[Source records]
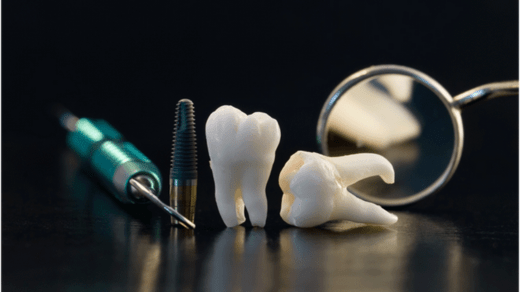 Dental Implant Tooth Replacement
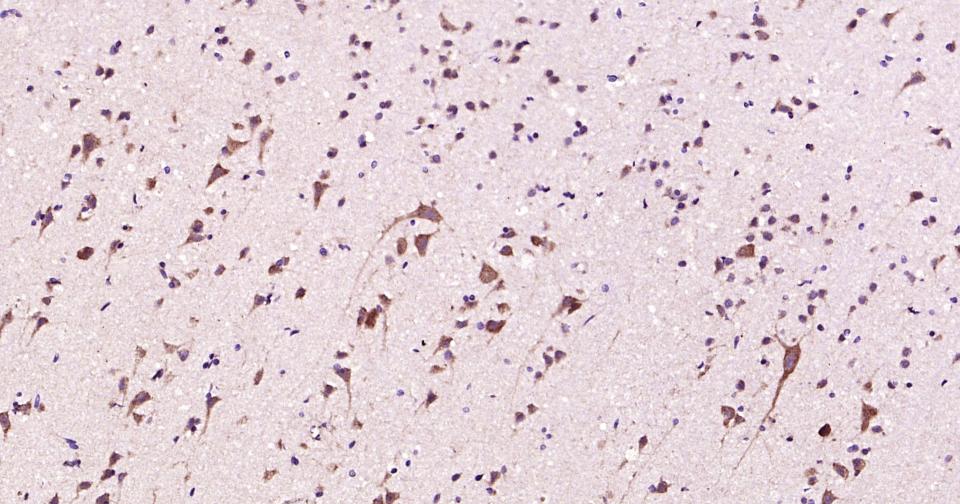 自噬效应蛋白Beclin 1抗体-bs-1353R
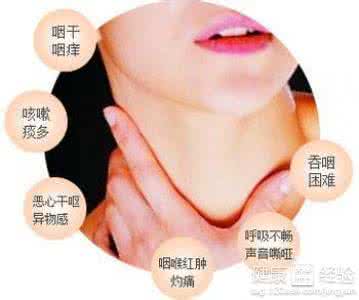 咽喉炎最佳治疗方法 【五官保健】急性咽喉炎的治疗方法，对症下药
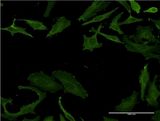 PLS3 / T Plastin Antibody - Immunofluorescence of monoclonal antibody to PLS3 on HeLa cell . [antibody concentration 10 ug/ml]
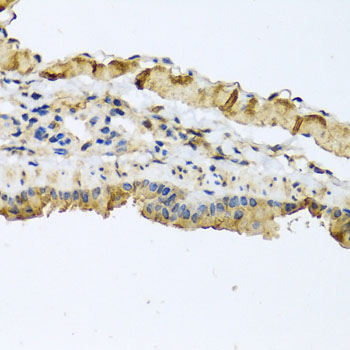 Immunohistochemistry of paraffin-embedded Mouse lung using ATP2C1 Polyclonal Antibody at dilution of  1:100 (40x lens).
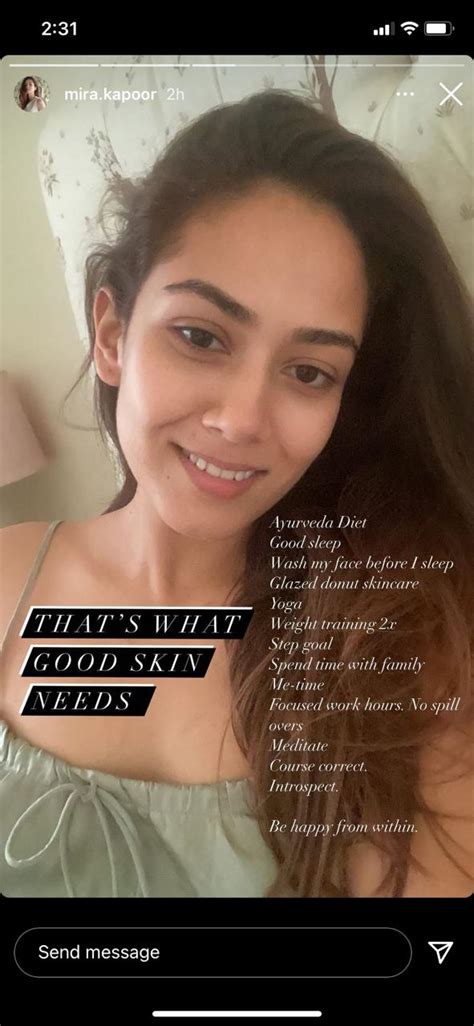 Mira Rajput S Latest Look With Swollen Lips Cheekbones Might Not Get Fans Approval Check Out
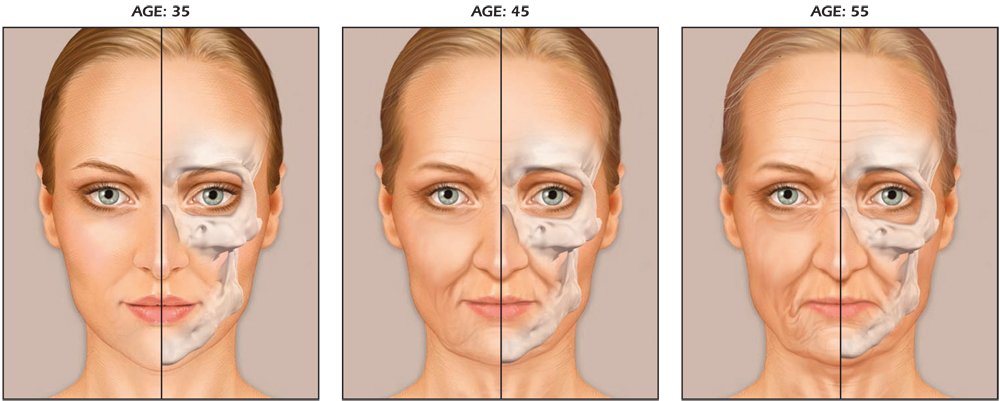 facial signs of aging russian sexy girls in minis porno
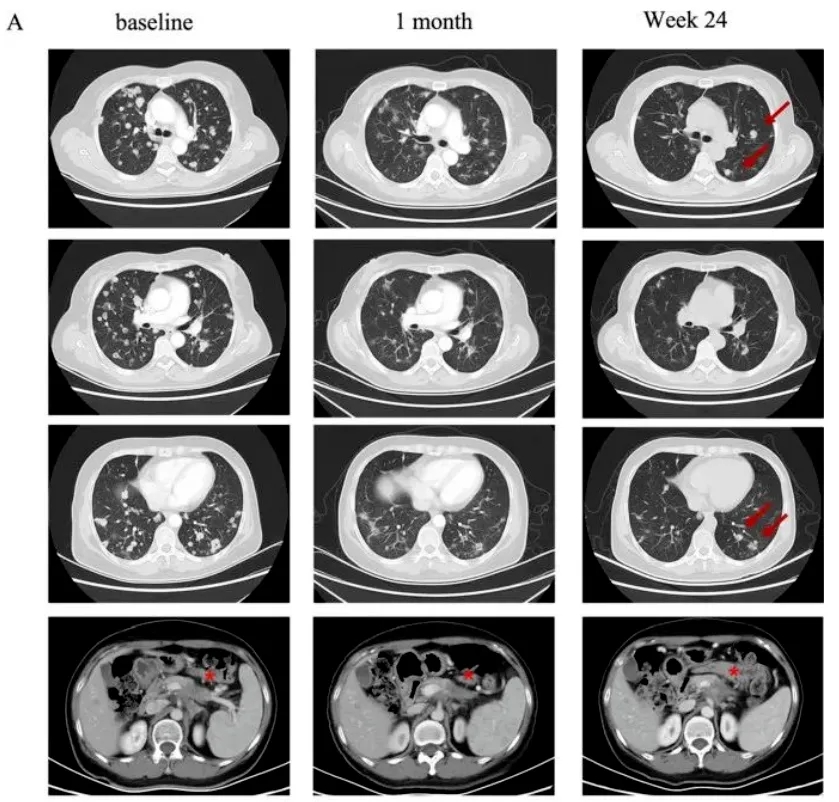 CT041治疗胰腺癌的效果 CT041治疗胰腺癌的效果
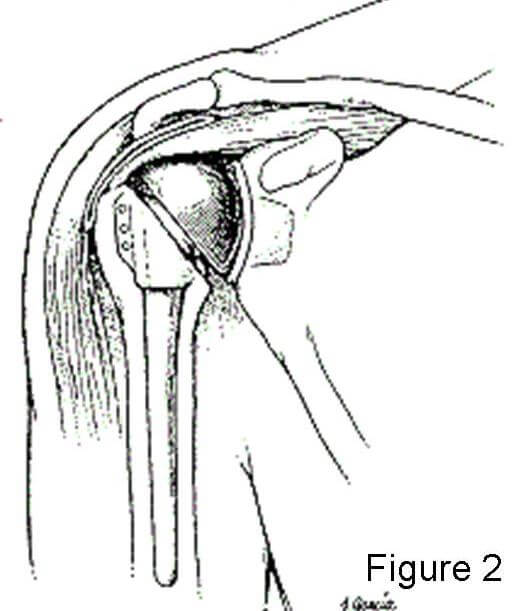 Diagram of a reverse shoulder replacement. Described under the heading What are these shoulder replacements called a reverse prosthesis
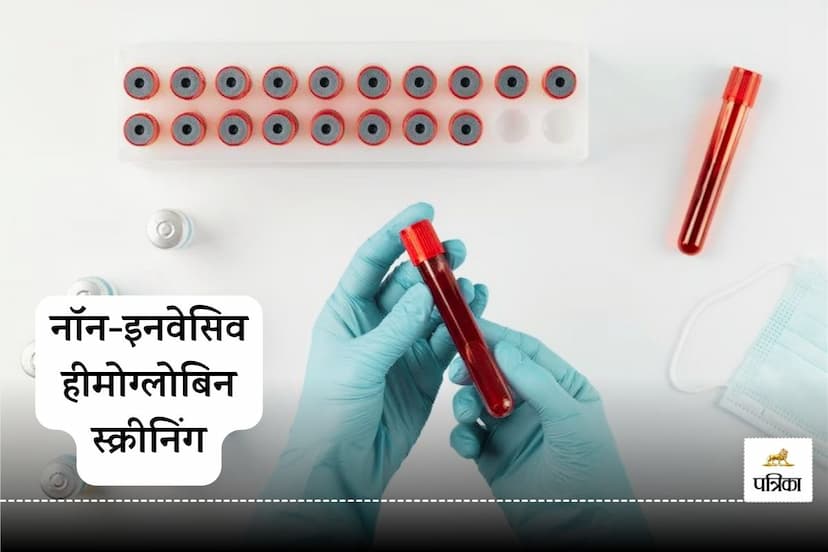 Hemoglobin test without blood sample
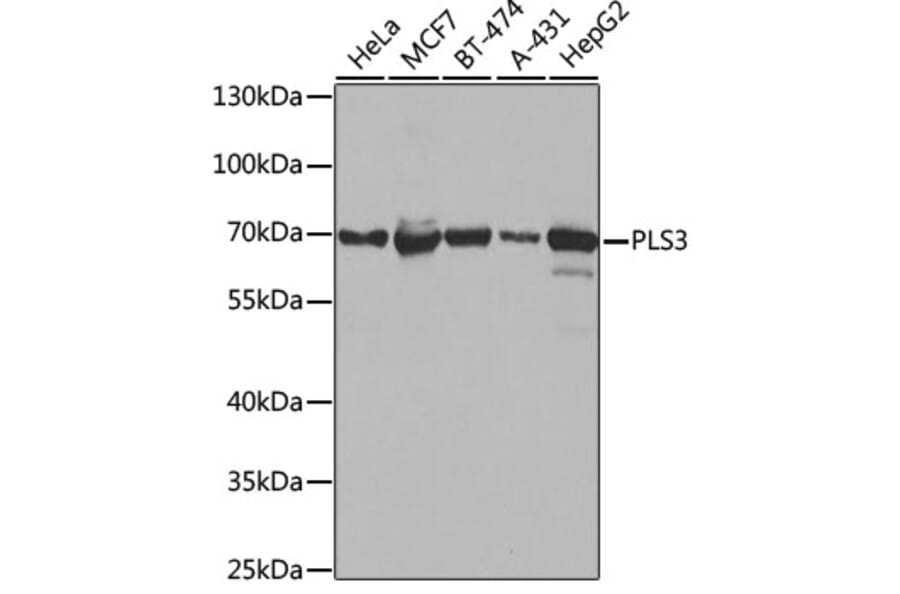 Western Blot - Anti-PLS3 Antibody (A14445) - Antibodies.com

[Exercise brief] Transcribe the listing exactly; omit all images.

[Solution to this exercise]
 Dental Implant Tooth Replacement
 自噬效应蛋白Beclin 1抗体-bs-1353R
 咽喉炎最佳治疗方法 【五官保健】急性咽喉炎的治疗方法，对症下药
 PLS3 / T Plastin Antibody - Immunofluorescence of monoclonal antibody to PLS3 on HeLa cell . [antibody concentration 10 ug/ml]
 Immunohistochemistry of paraffin-embedded Mouse lung using ATP2C1 Polyclonal Antibody at dilution of  1:100 (40x lens).
 Mira Rajput S Latest Look With Swollen Lips Cheekbones Might Not Get Fans Approval Check Out
 facial signs of aging russian sexy girls in minis porno
 CT041治疗胰腺癌的效果 CT041治疗胰腺癌的效果
 Diagram of a reverse shoulder replacement. Described under the heading What are these shoulder replacements called a reverse prosthesis
 Hemoglobin test without blood sample
 Western Blot - Anti-PLS3 Antibody (A14445) - Antibodies.com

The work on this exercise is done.